TORONTO (AP) - Starting pitching was a problem all season for the Toronto Blue Jays, and game 162 was no exception.
Todd Redmond was knocked out before the end of Tampa Bay's six-run first inning and the Rays held on to beat the Blue Jays 7-6 on Sunday, clinching a tie for an AL wild-card berth.
A season that began with high hopes of ending a two-decade playoff drought soon turned sour in Toronto, as the Blue Jays struggled to get consistent efforts from new starters R.A. Dickey, Mark Buehrle and Josh Johnson. They also lost incumbents Brandon Morrow (forearm) and J.A. Happ (head, knee) to long-term injuries, while former staff leader Ricky Romero spent the bulk of the year in the minors.
Rather than pushing for the postseason, Toronto finished last in the AL East at 74-88.
``Obviously we didn't perform the way we hoped,'' general manager Alex Anthopoulos said. ``We need to get it right and get better.''
Infielder Brett Lawrie was one of several key position players to miss time with injuries.
``We had a lot of people that thought we were going to win the World Series,'' Lawrie said. ``But it takes a little bit of time to build chemistry. We had a little bit of trouble keeping some guys healthy, myself included.''
Evan Longoria hit an RBI double as the Rays used their highest-scoring first inning since 2010 to go ahead early. Tampa Bay took a 7-0 lead into the sixth before Toronto rallied.
Redmond (4-3) got just two out, giving up five runs and four hits.
``It was a tough way for him to go out today,'' Blue Jays manager John Gibbons said of Redmond, who had won his previous three decisions. ``He's a lot better than that.''
Rays manager Joe Maddon was ejected in the seventh and the Blue Jays put the go-ahead run at the plate in the eighth and ninth innings. Fernando Rodney got for four shaky outs for his 37th save in 45 chances.
``We knew the Rays needed that win today, and we weren't going to just give it to them,'' Blue Jays shortstop Jose Reyes said.
Tampa Bay is certainly familiar with big rallies on the final day. In 2011, the Rays overcome a 7-0 deficit in the eighth and came back to beat the Yankees 8-7 in 12th to clinch a wild-card spot.

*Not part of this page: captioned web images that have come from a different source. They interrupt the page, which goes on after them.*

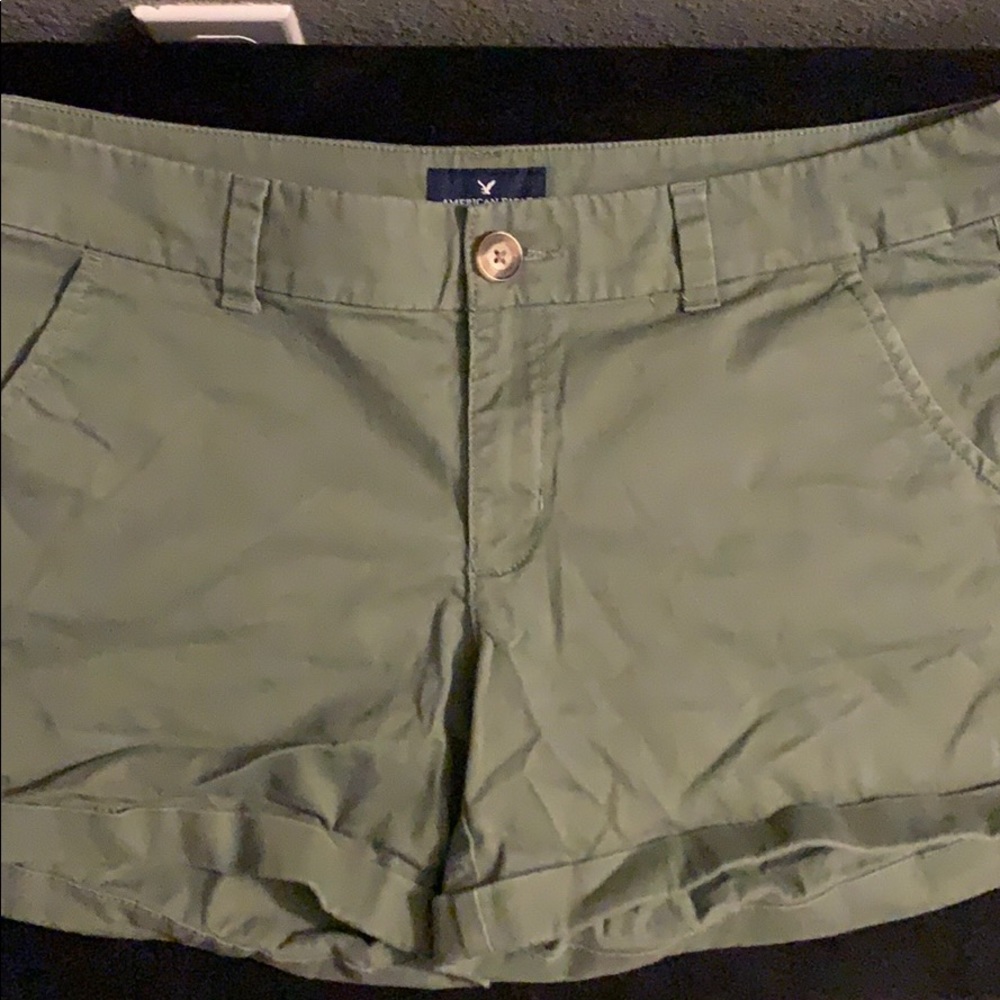 American Eagle MIDI Stretch Sage Green Shorts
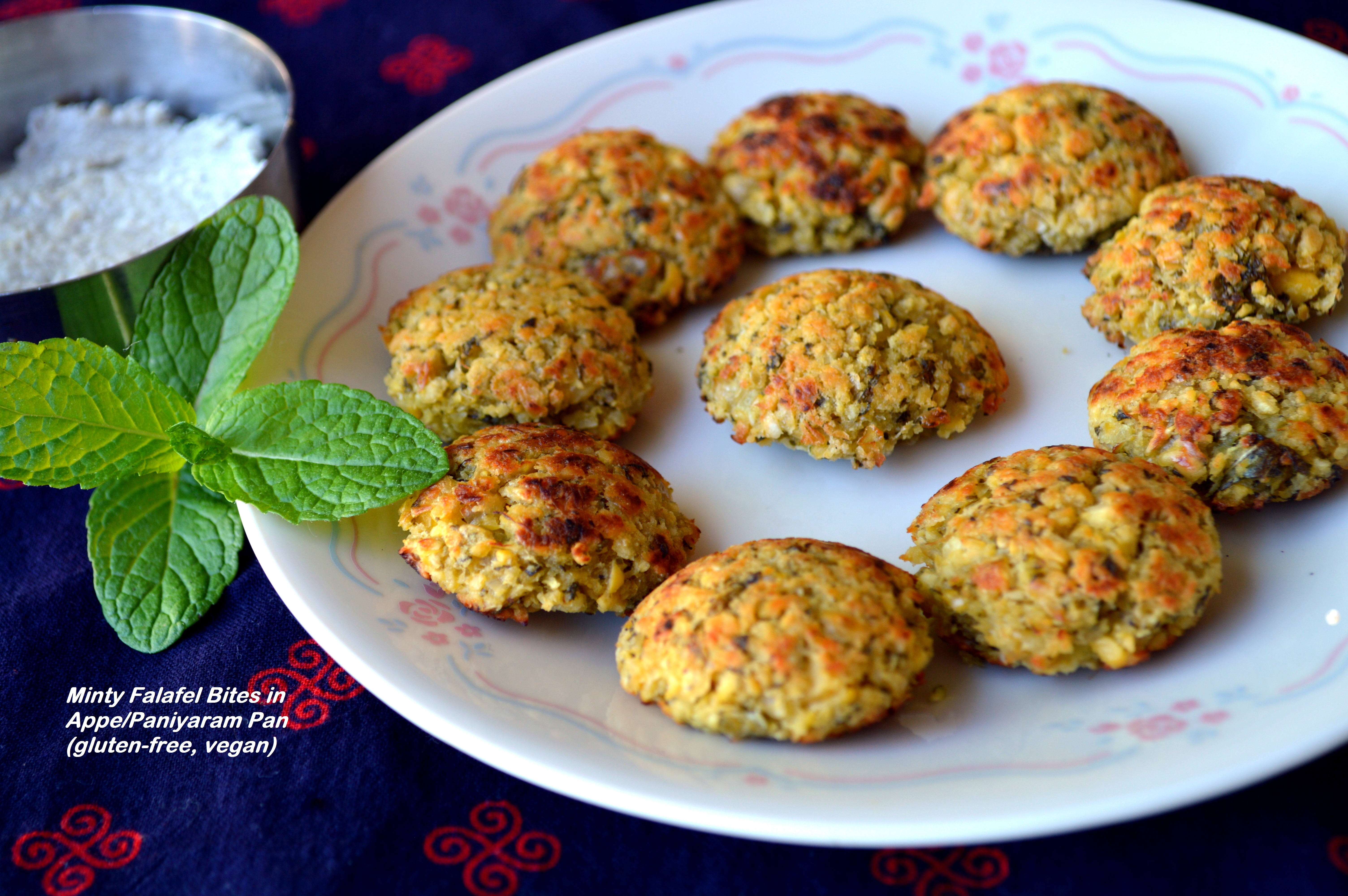 Minty Falafel Bites in Appe/Paniyaram Pan for Diabetes Friendly Thursdays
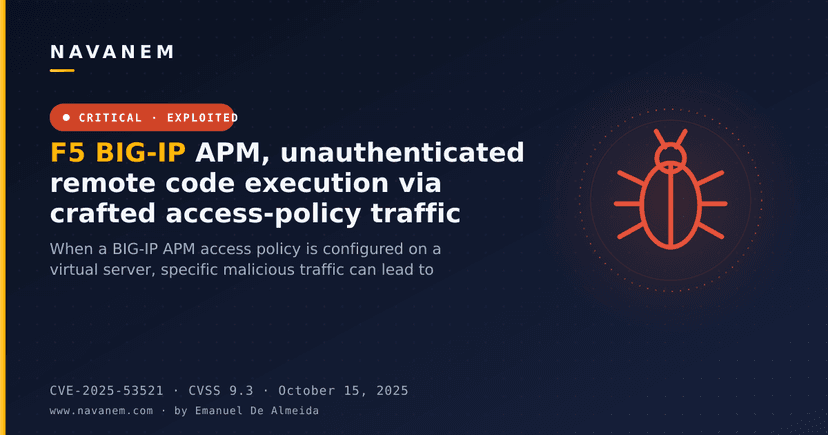 F5 BIG-IP APM, unauthenticated remote code execution via crafted access-policy traffic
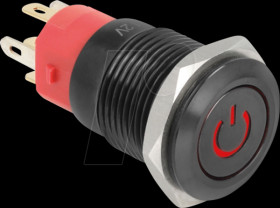 22013 Push Switch for Installation black 16 mm 12 V 5 x solder connect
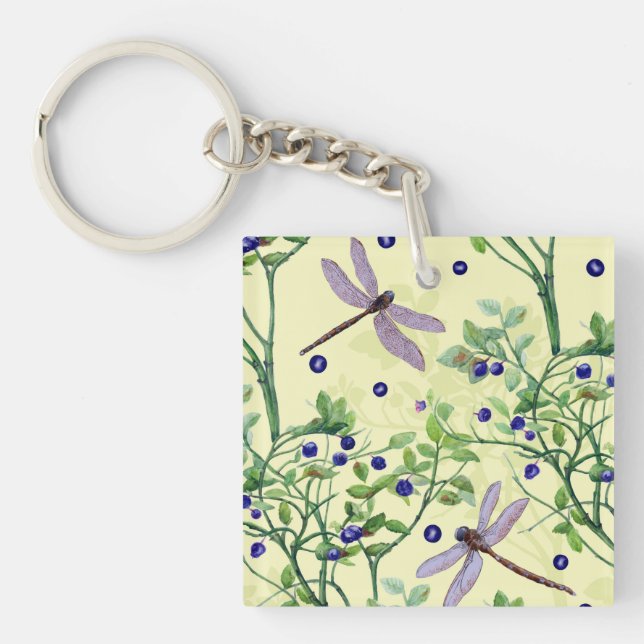 Blueberry pattern with dragonflies key ring (Front)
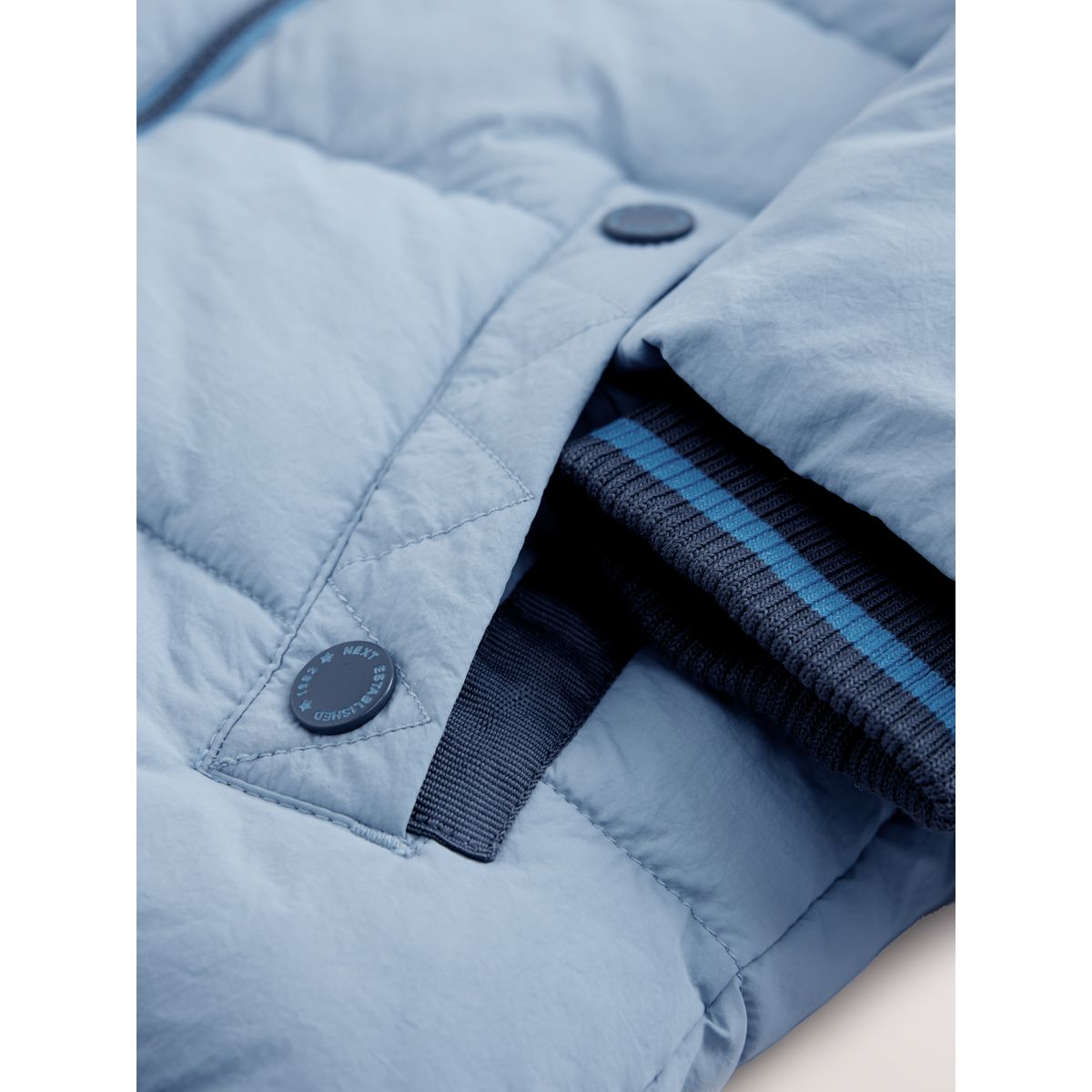 Manteau rembourré à doublure peau lainée bleu clair, NEXT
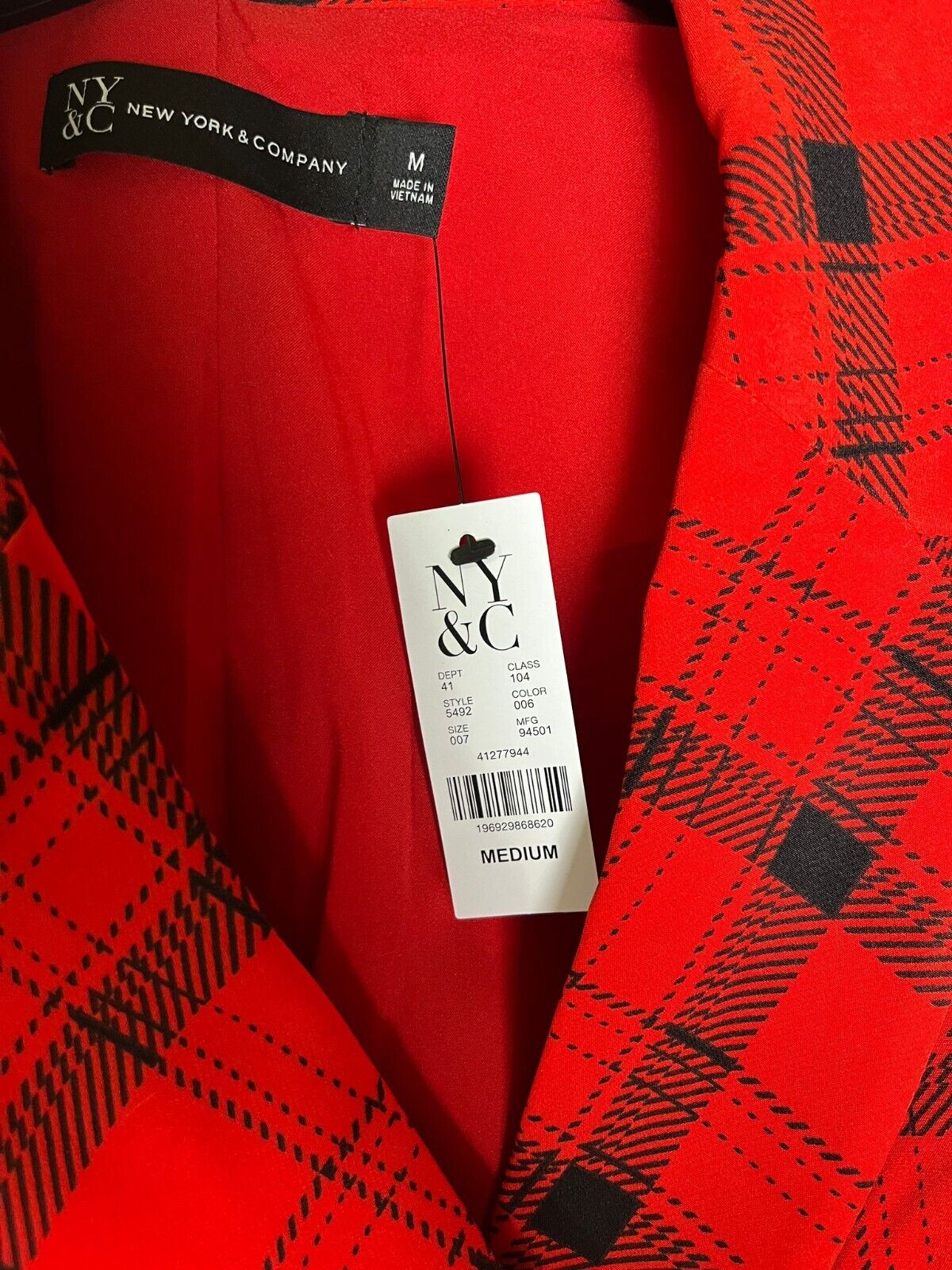 NY&C Womens Medium Double Breasted Plaid Blazer Red Plaid 41277944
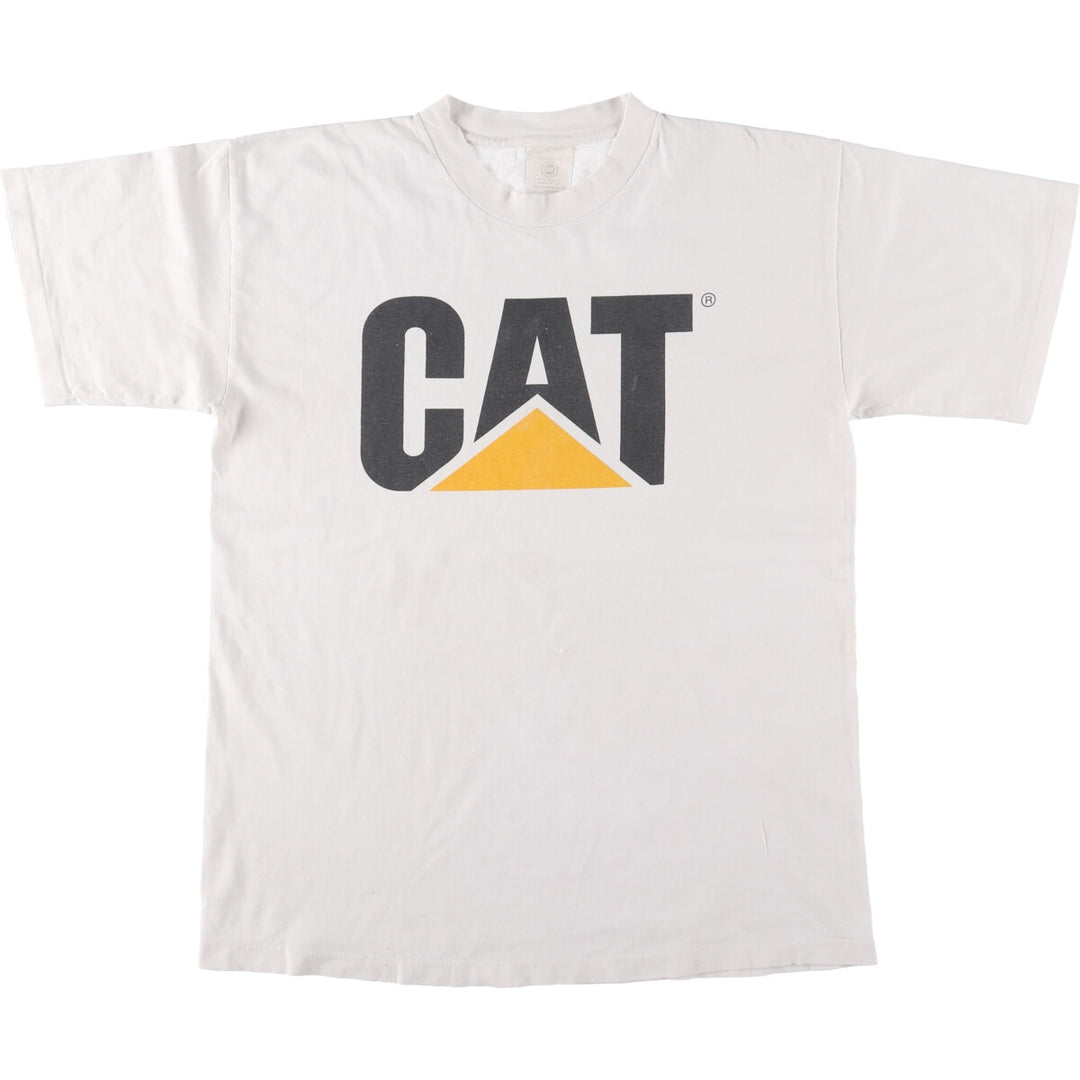 90'S CATERPILLAR Caterpillar Advertising T-shirt Made in USA Men's L Vintage cotton white type Vintage Second Hand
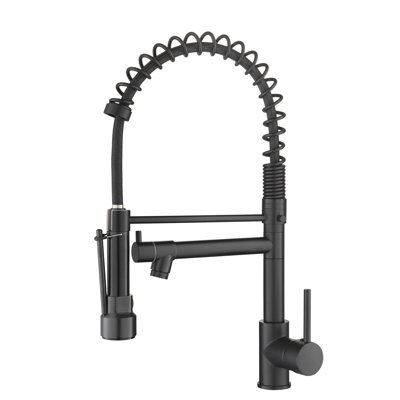 Robinet d'évier de cuisine noir avec douchette rétractable, levier unique, alliage, finition à l'eau, modes d'eau multiples, processus d'installation par l'utilisateur, commande de levier, laiton, sortie flexible, sortie flexible, rapide et facile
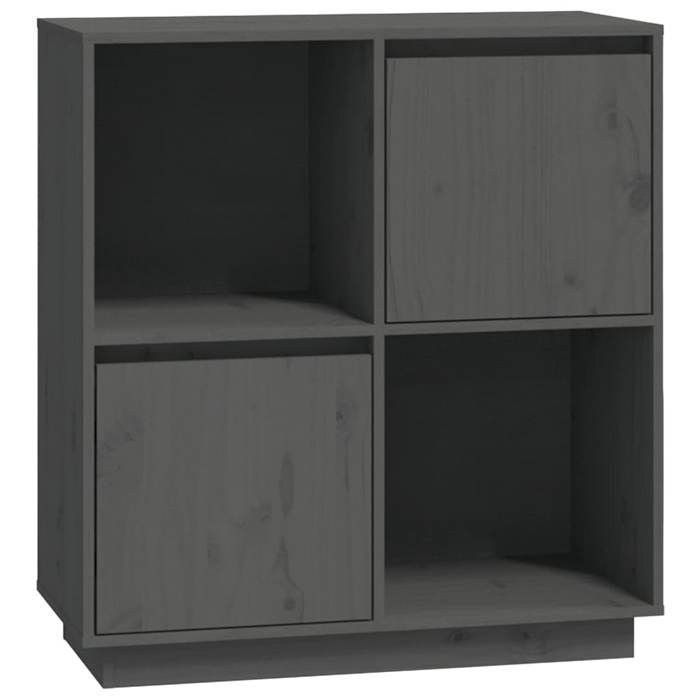 Buffet en bois massif - vidaxl - 74x35x80 cm - Gris - Bois de pin - 2 portes - 2 compartiments ouverts - A poser au sol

This time, the Rays almost let a huge lead slip away. Maddon acknowledged thinking back to that 2011 game as the Blue Jays crept closer and closer.
``I did think that and it was really awkward,'' Maddon said, ``but I thought this is different, we're looking through the windshield and not the rear view mirror today.''
Matt Moore (17-4) won consecutive starts for the first time in more than two months. He allowed three runs and six hits in 5 1-3 innings. Moore walked three, all in the first inning, and struck out four.
Toronto broke through against Moore in the sixth when Mark DeRosa hit a two-run double. Moore left after Ryan Langerhans singled, and reliever Jake McGee gave up a sacrifice fly to J.P. Arencibia.
The Blue Jays cut it to 7-4 in the seventh on Lawrie's double. Joel Peralta replaced McGee and walked Moises Sierra to load the bases.
Maddon was ejected by home plate umpire Paul Schrieber for arguing, but Peralta escaped when pinch-hitter Adam Lind grounded the first pitch he saw into an inning-ending double play, with first baseman Loney making a superb catch on shortstop Escobar's low relay throw.
``He's done it all year,'' Maddon said of Loney's pivotal snag. ``He's been fabulous.''
Peralta ran into trouble again in the eighth, leaving with two outs and runners at first and second. Rodney came on and gave up RBI singles to Reyes and Anthony Gose, shaving Tampa Bay's lead to 7-6. Lawrie walked to load the bases before Rodney struck out Sierra.
NOTES: It was the Rays' highest-scoring first inning since Sept. 10, 2010, when they also scored six in a game at Toronto. ... Toronto RHP Esmil Rogers pinch-ran for Lind (back) after Lind's leadoff single in the ninth. Rogers was forced at second on Langerhans' grounder. ... Toronto went 40-41 at home, their first losing record since 2004. ... Maddon was ejected for the fifth time this season. ... The Blue Jays played a video tribute to LHP Darren Oliver, who is set to retire after 20 seasons. Players from both teams stood and applauded when Oliver took the mound to begin the seventh. ... Toronto drew 44,551 fans in their finale for a season total of 2,536,562, their highest since 1997.